I used to have extreme anger issues due to everyone I met growing up, so I abandoned them all and life was way better for the longest time. Then, I rescued a dog, (Don’t ask why cats adopt dogs) she’s the greatest pet I’ve ever had. So I rescued another one. One day (very recently, about a week or two ago), I unfortunately had to get rid of him for legal issues, but I still have the first dog at least
The day after, my neighbor that I was closest to, died. I knew him for years, he had drinking problems which gave him cancer, but he had just quit. Soon after, I met two different people who were so nice that they turned my life around. They helped me realize how great it is to be nice and happy.

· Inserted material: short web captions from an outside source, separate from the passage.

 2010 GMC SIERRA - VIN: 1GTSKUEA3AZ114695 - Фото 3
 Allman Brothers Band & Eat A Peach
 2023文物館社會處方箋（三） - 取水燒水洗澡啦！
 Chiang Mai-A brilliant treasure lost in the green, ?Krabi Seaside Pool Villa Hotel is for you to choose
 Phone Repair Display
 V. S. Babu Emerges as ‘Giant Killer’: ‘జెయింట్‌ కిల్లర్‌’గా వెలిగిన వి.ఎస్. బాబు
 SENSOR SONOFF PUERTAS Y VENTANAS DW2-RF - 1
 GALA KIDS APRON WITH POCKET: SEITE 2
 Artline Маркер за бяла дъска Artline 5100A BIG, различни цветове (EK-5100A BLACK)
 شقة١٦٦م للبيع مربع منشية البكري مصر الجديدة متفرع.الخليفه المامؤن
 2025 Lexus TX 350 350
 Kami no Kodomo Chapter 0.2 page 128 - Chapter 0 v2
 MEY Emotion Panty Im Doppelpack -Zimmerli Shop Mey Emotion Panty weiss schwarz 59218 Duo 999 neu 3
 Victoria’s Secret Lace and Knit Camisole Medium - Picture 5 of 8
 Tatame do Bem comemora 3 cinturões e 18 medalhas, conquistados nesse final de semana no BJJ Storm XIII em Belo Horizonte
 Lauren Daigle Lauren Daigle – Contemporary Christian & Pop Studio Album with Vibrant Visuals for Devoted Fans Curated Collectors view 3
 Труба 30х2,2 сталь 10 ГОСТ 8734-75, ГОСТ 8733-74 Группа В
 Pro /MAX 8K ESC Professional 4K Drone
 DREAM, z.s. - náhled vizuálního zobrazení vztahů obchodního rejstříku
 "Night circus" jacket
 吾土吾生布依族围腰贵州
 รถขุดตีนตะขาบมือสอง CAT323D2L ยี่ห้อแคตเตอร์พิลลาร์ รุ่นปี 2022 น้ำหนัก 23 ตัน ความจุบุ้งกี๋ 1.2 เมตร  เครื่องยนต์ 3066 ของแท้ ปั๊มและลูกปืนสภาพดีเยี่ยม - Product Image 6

And then I met someone new, I was captivated by her beauty, but I slowly realized we’re not meant to be. Due to all the events that had happened in a period of a few days, I started having a slow onset of insanity, and my happiness is slowly wearing away as I realize I can never find true love or have an unbreakable friendship bond. All I’ve ever wanted was to help people, but no one ever wanted help (even though they clearly needed it)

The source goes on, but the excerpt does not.